More generally, any piece of legal work where the barrister is the key component offers an opportunity. Much legal work is a package of different elements – preparing a case, representation in court, etc. However, if the barrister’s time represents the vast majority of what a client is paying for, why use an intermediary?
l What value does the client gain from the solicitor firm infrastructure?
Our survey of chambers showed that barristers’ overheads take up about 30% of gross income. On the other hand, typically around 50% of what a fee earner in a firm of solicitors generates goes on overheads.
A solicitors’ higher overheads are used to support an infrastructure that in many cases offers value to clients. It might be worth paying a solicitor for services that a chambers might not be able to offer, such as document production services, staff strength in depth, etc. But this is not always the case.
l Are there spin-off benefits from the solicitor/barrister relationship?
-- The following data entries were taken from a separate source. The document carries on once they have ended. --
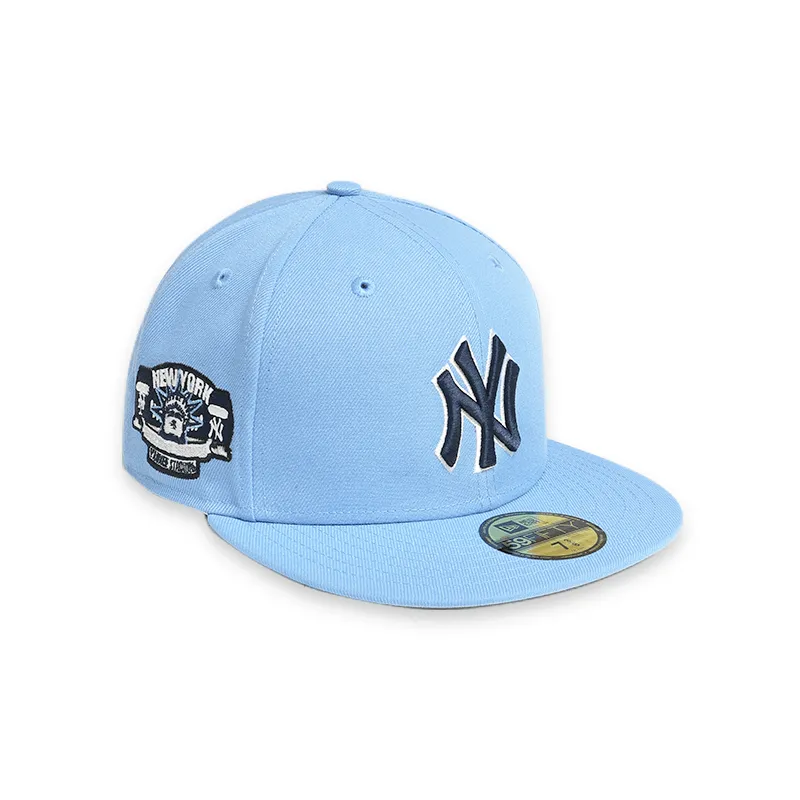 [70698993] New York Yankees Sky Blue 59FIFTY Men's Fitted Hat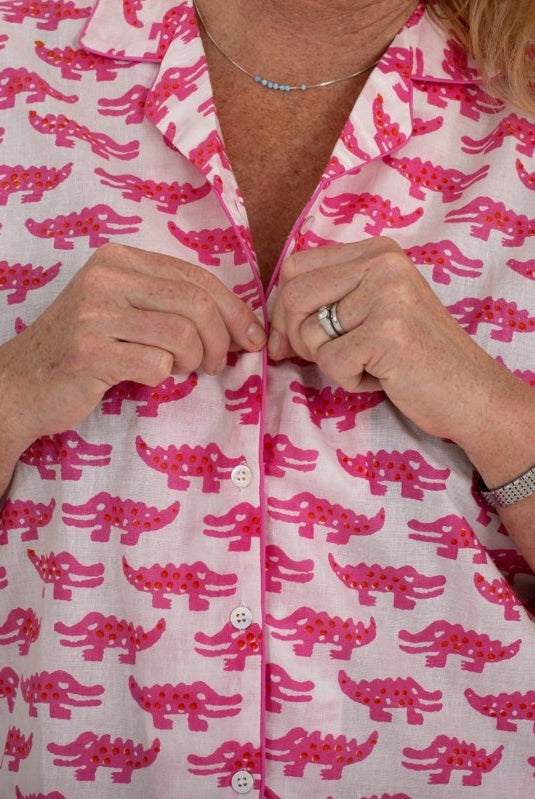 Snappy Pink Bondi Shorties - Gawjus.CapeTown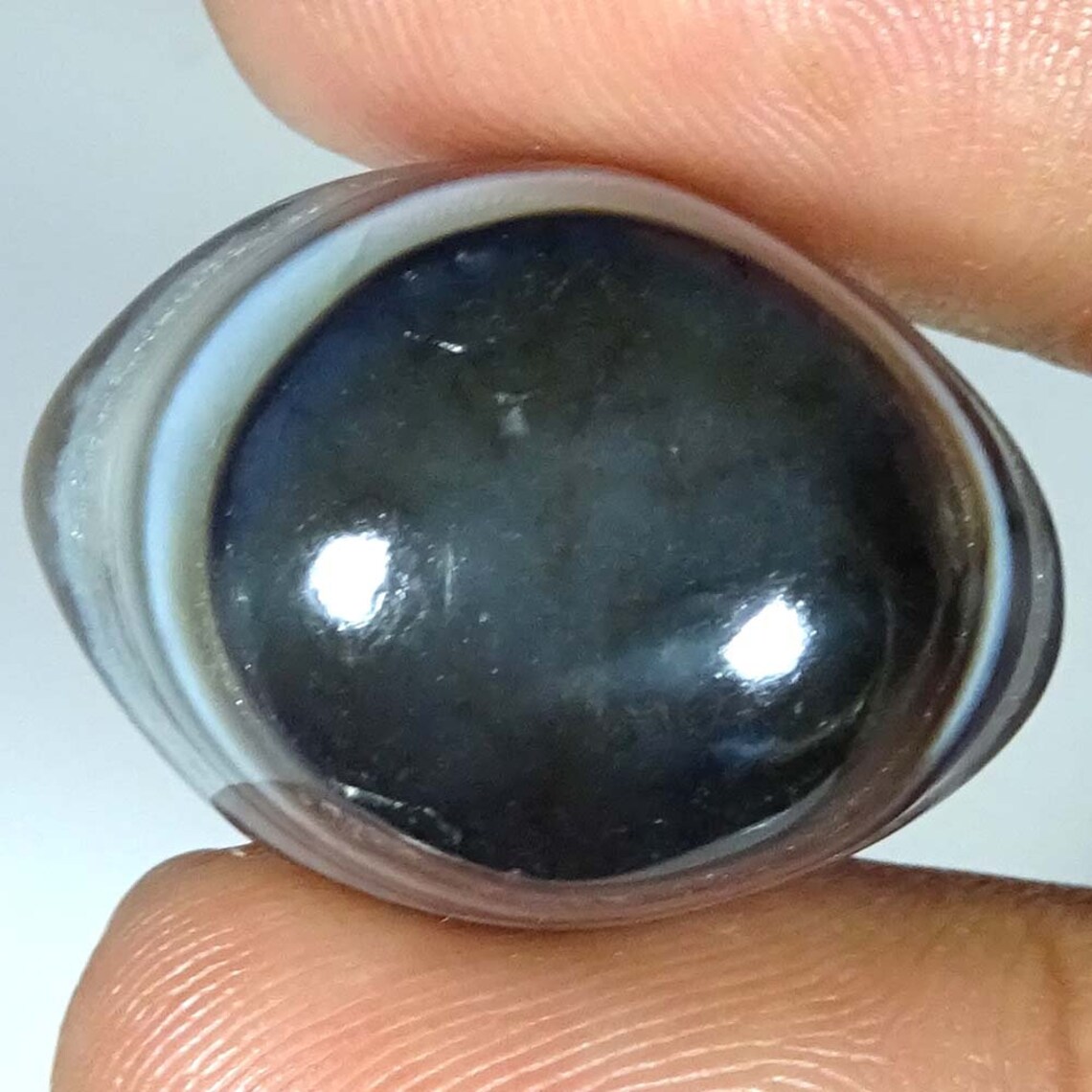 100 Natural EYE AGATE Loose Cabochon Gemstones Eye Agate Gems Etsy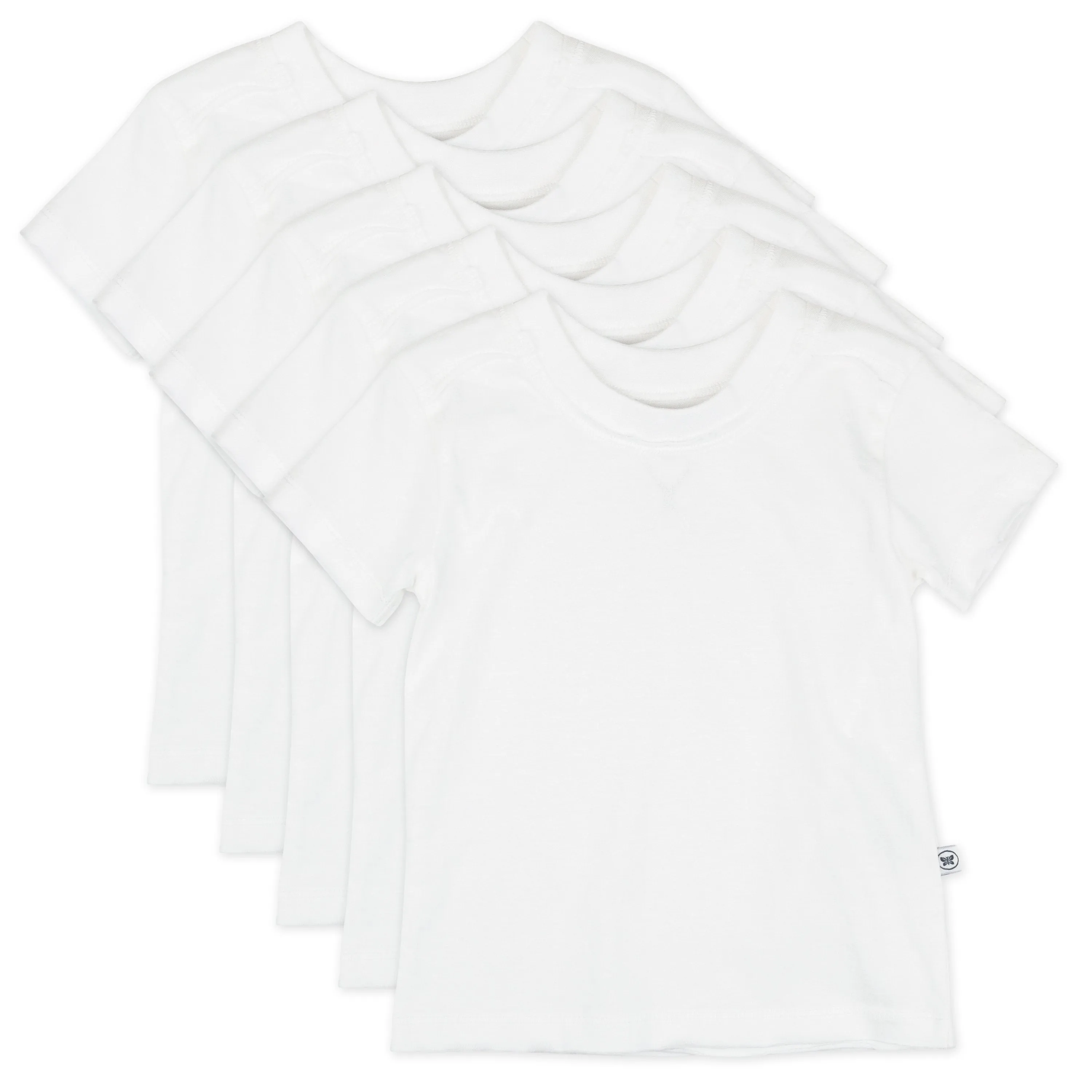 5-Pack Organic Cotton Short Sleeve T-Shirts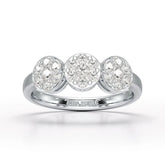 0.57 CT Lab Grown Round Shape Simple Wedding Ring - Jama Jewels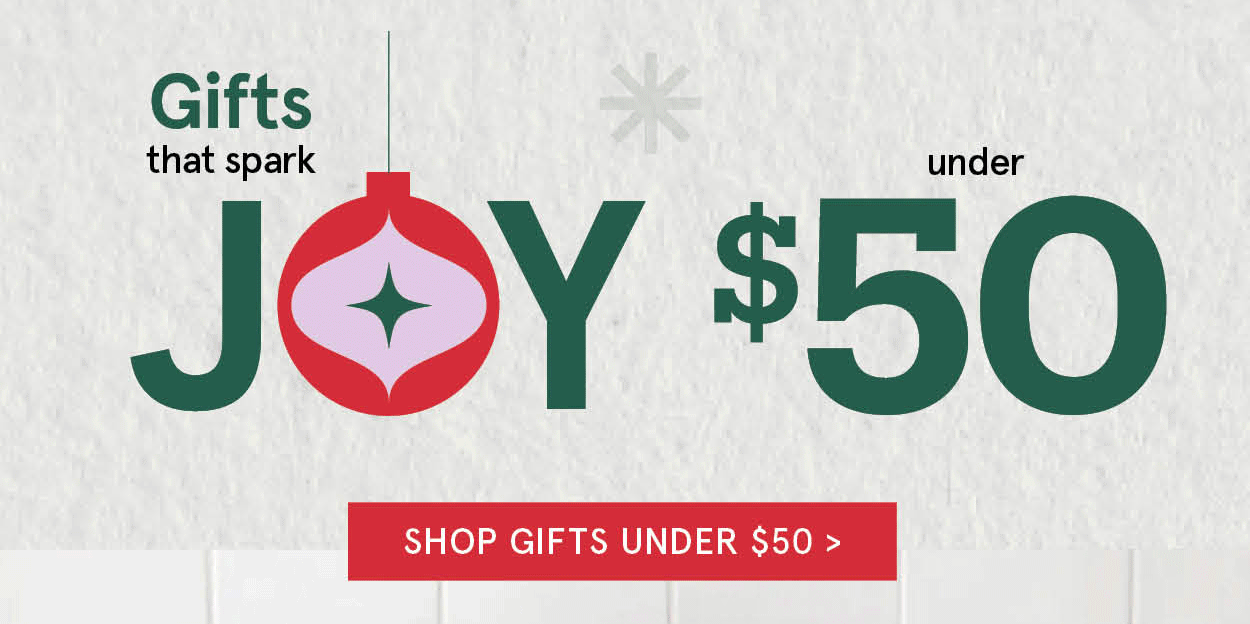 Gifts under $50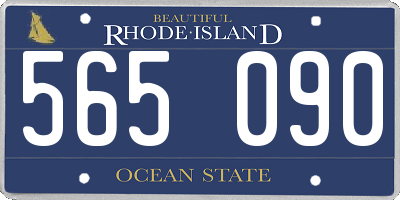RI license plate 565090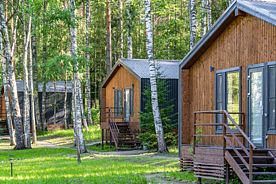 К5Д: Дома с видом на лес с 2-мя спальнями, Загородный клуб Ромашка, Приозерский район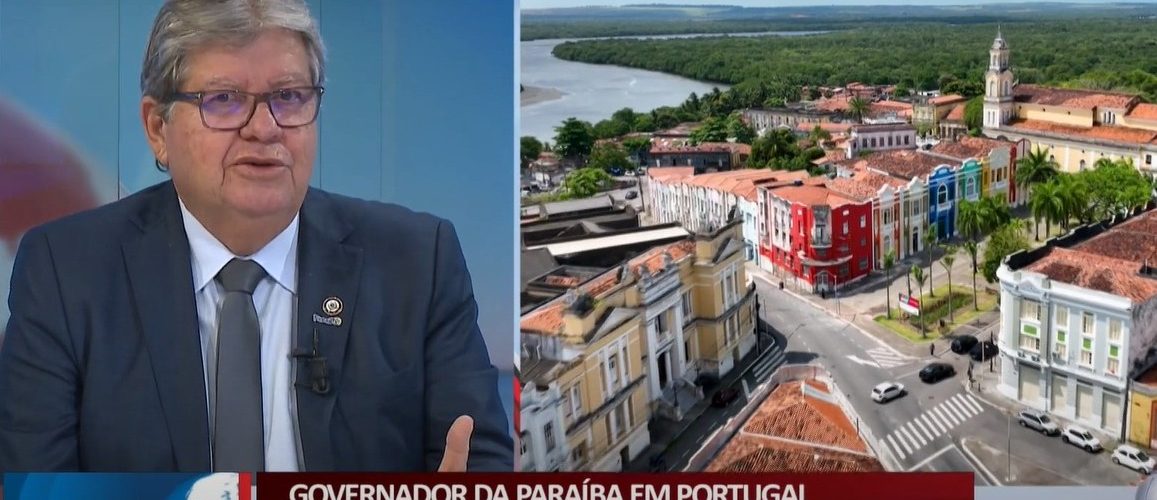 Em entrevista à Record Europa, João Azevêdo destaca potencial turístico da Paraíba e busca por atração de investimentos internacionais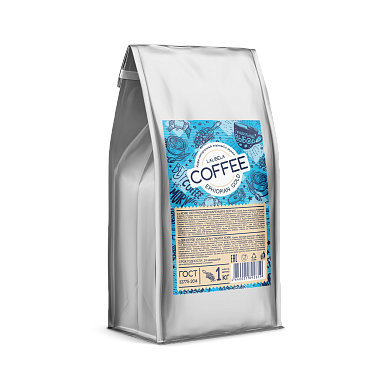 Кофе зерновой Правильный выбор Lalibela Ephiopian Glod 1кг натуральный жареный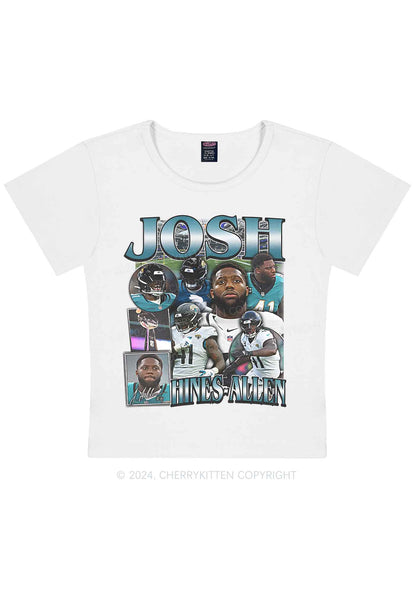 Green Josh Y2K Super Bowl Baby Tee Cherrykitten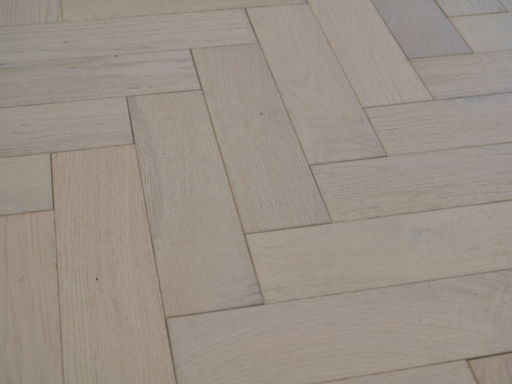 Tradition Engineered Oak Herringbone Flooring, White Brushed, Matt Lacquered, 80x18x300 mm Image 3
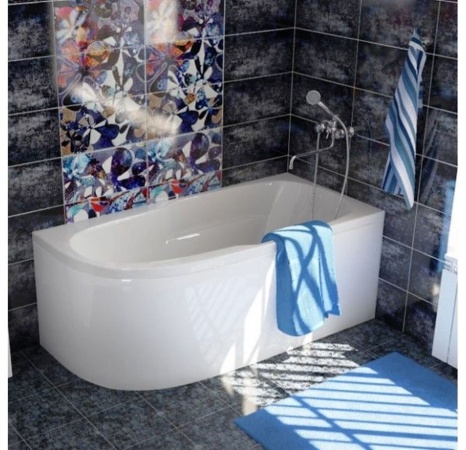 Акриловая ванна Мирсант Небуг 150*80, правая (комплект)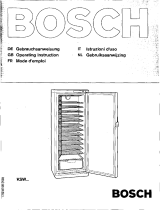Bosch KSW3603/01 Manuel utilisateur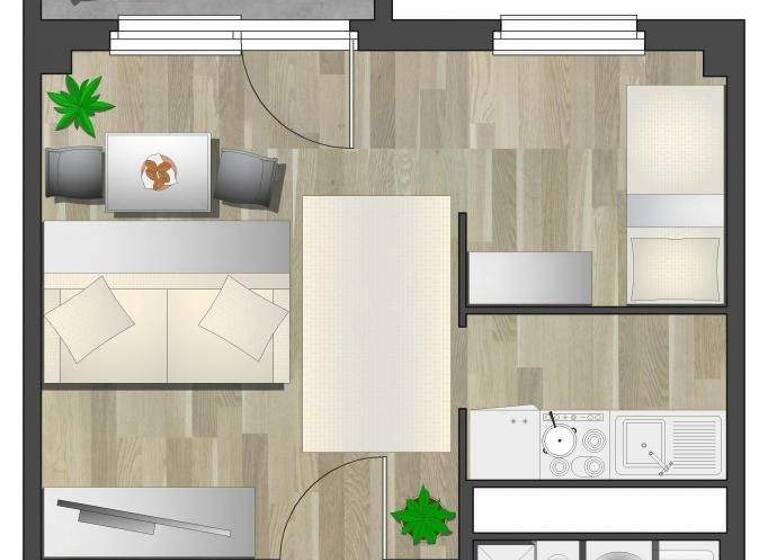 Studio zur Miete 215 € 1 Zimmer 34,3 m² 4. Geschoss frei ab 01.08.2026 Walter-Ranft-Str. 1 Hutholz Chemnitz 09123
A solicitor client can often offer an on-going stream of instructions. Chambers will therefore be reluctant to seek BarDirect instructions where this is clearly cutting out an existing solicitor client.
For example, a chambers that accepts instructions regularly from a firm of solicitors on insolvency matters is unlikely to go directly to that firm’s clients, who might typically be the insolvency practices of the large accounting firms. However, the chambers would be justified in seeking out a completely different group of potential clients, for example, accountants who are sole practitioners.
l Are there spin-off benefits to the client from instructing a solicitor?
A client might wish to instruct a solicitor even though he can go directly to a barrister. For example, a firm of accountants may place insolvency work with a firm of solicitors in the expectation of referrals back from that firm.
However, if the solicitor cannot offer reciprocal benefits the client might consider going directly to the barrister.
Answering these questions will help identify situations that offer opportunities.
Many of these situations will be ones where clients have instructed neither a solicitor nor a barrister previously, for the legal market is dynamic. For example, employment tribunal work has grown rapidly in recent years and has provided work for both solicitors and barristers. It is those individuals and organisations that identify the growth areas that will prosper – whether they are barristers
or solicitors.
This does not mean barristers are moving away from their traditional work of offering advice and advocacy – it is more a question of using those well-recognised skills in new areas.